#### [WHAT YOU SHOULD DO]
Where the records hold the string "Silver", show the whole line it sits on.

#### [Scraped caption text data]
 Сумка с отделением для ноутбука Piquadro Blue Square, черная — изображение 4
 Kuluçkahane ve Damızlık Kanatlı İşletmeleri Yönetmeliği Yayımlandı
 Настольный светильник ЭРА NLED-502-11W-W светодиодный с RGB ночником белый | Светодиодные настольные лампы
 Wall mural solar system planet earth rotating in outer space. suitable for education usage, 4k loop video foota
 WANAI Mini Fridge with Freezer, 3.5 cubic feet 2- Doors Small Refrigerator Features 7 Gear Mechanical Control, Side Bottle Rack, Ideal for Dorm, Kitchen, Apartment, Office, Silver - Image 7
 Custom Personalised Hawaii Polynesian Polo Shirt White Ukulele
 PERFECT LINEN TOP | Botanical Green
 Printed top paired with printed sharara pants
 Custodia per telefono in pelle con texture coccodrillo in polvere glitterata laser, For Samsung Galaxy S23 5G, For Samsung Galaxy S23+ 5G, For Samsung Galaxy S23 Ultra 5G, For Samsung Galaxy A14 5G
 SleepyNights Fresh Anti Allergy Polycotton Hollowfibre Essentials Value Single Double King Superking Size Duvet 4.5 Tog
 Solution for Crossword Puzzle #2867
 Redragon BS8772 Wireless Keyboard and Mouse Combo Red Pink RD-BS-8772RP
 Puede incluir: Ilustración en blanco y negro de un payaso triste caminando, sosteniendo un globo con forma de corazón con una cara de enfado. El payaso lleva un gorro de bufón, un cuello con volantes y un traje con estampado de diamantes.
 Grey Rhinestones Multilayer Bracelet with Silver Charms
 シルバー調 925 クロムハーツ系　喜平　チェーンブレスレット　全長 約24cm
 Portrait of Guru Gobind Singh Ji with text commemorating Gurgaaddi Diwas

#### [TASK RESULT]
 WANAI Mini Fridge with Freezer, 3.5 cubic feet 2- Doors Small Refrigerator Features 7 Gear Mechanical Control, Side Bottle Rack, Ideal for Dorm, Kitchen, Apartment, Office, Silver - Image 7
 Grey Rhinestones Multilayer Bracelet with Silver Charms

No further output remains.